Information shown Block Start

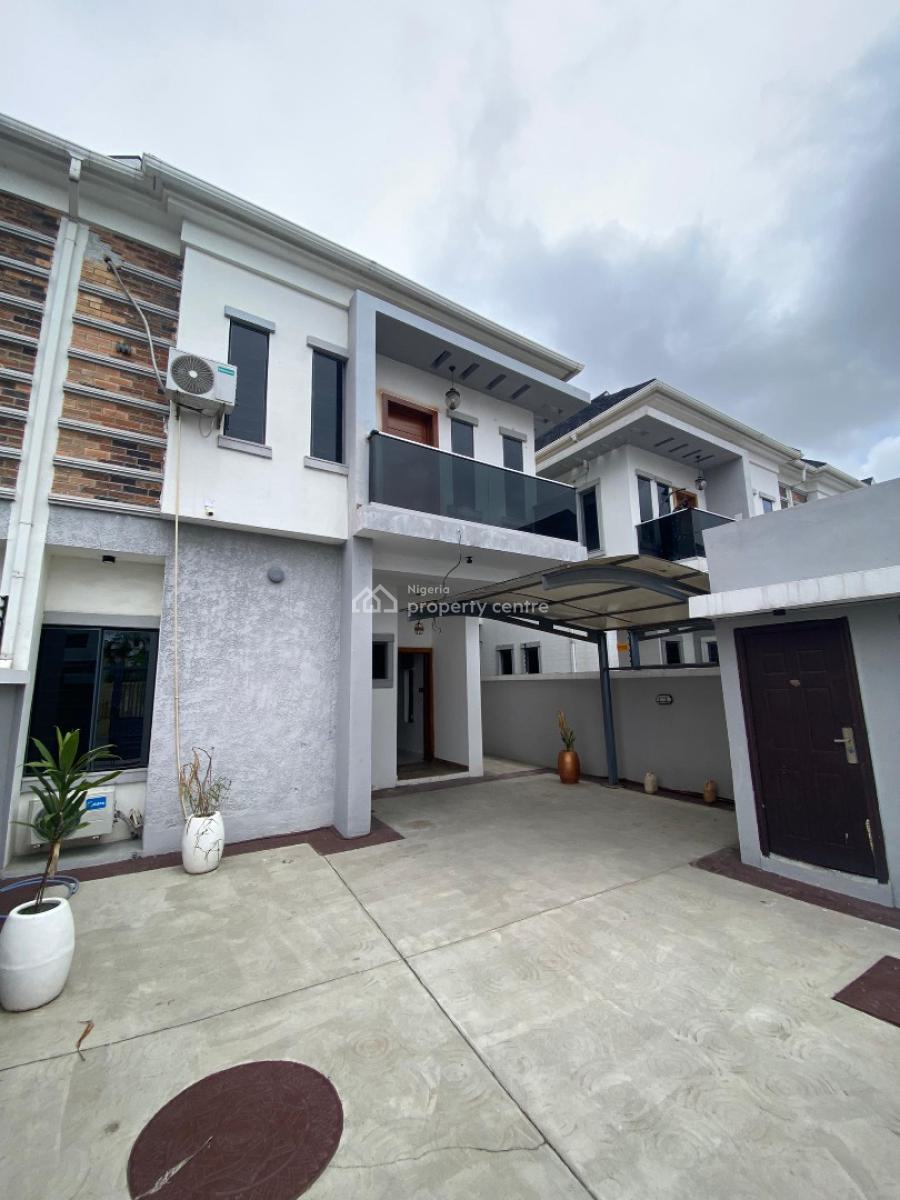 Elegant 4 Bedroom Semi Detached Duplex, Orchid, Lekki, Lagos, House for Sale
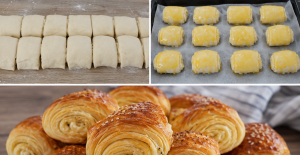 Pastane Usulü Katmer Poğaça 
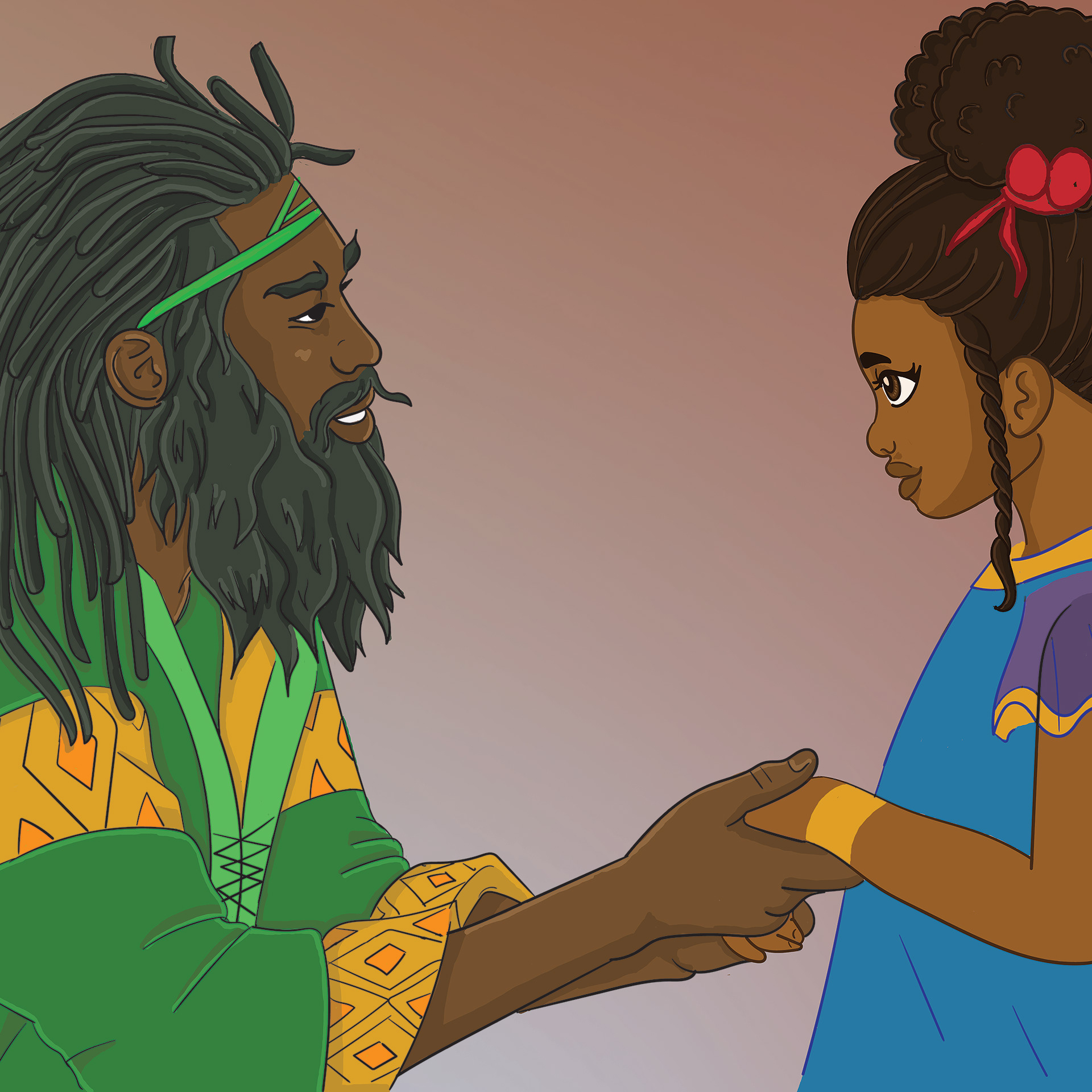 Program: Illustrator, vector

Information shown Block End

**Required work:** If a picture falls within the lines from the one containing "Pastane Usulü Katmer Poğaça" through the end of the material, leave it out while repeating those lines exactly.

**Answer:**
 Pastane Usulü Katmer Poğaça 
 Program: Illustrator, vector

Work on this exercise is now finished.